--- Input records Enclosed Below ---

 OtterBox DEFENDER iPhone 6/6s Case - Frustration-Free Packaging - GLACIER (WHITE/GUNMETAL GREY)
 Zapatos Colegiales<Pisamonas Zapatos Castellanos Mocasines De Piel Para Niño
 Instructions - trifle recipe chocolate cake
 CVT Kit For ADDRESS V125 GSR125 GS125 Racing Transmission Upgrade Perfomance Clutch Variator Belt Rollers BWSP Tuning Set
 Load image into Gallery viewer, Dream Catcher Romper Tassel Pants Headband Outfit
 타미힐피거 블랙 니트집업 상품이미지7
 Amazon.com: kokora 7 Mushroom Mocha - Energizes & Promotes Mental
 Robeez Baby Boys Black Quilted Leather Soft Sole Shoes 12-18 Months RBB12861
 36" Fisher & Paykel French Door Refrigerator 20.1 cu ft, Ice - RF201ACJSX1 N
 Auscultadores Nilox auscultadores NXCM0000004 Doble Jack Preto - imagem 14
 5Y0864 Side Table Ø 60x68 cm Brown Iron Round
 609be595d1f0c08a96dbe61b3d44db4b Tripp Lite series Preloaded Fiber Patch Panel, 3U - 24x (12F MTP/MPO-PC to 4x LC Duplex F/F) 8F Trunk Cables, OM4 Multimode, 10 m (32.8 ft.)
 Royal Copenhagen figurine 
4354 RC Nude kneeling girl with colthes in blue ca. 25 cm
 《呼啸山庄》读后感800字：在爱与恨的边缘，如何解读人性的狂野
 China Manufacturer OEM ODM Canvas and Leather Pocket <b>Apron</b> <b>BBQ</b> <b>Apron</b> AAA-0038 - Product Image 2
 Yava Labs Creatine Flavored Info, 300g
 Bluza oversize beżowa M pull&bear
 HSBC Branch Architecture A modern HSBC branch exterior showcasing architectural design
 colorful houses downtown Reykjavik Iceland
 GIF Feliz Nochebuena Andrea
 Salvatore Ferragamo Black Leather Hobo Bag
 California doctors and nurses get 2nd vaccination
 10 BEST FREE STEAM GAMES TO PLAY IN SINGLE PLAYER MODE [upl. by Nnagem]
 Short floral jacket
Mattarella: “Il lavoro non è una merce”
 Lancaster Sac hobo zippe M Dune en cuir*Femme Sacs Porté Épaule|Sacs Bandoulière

--- End of Enclosed Input records ---

Only the lines from the start of the data to the line holding "Instructions - trifle recipe chocolate cake" are wanted; return them exactly, both ends included.

Solution for this task:
 OtterBox DEFENDER iPhone 6/6s Case - Frustration-Free Packaging - GLACIER (WHITE/GUNMETAL GREY)
 Zapatos Colegiales<Pisamonas Zapatos Castellanos Mocasines De Piel Para Niño
 Instructions - trifle recipe chocolate cake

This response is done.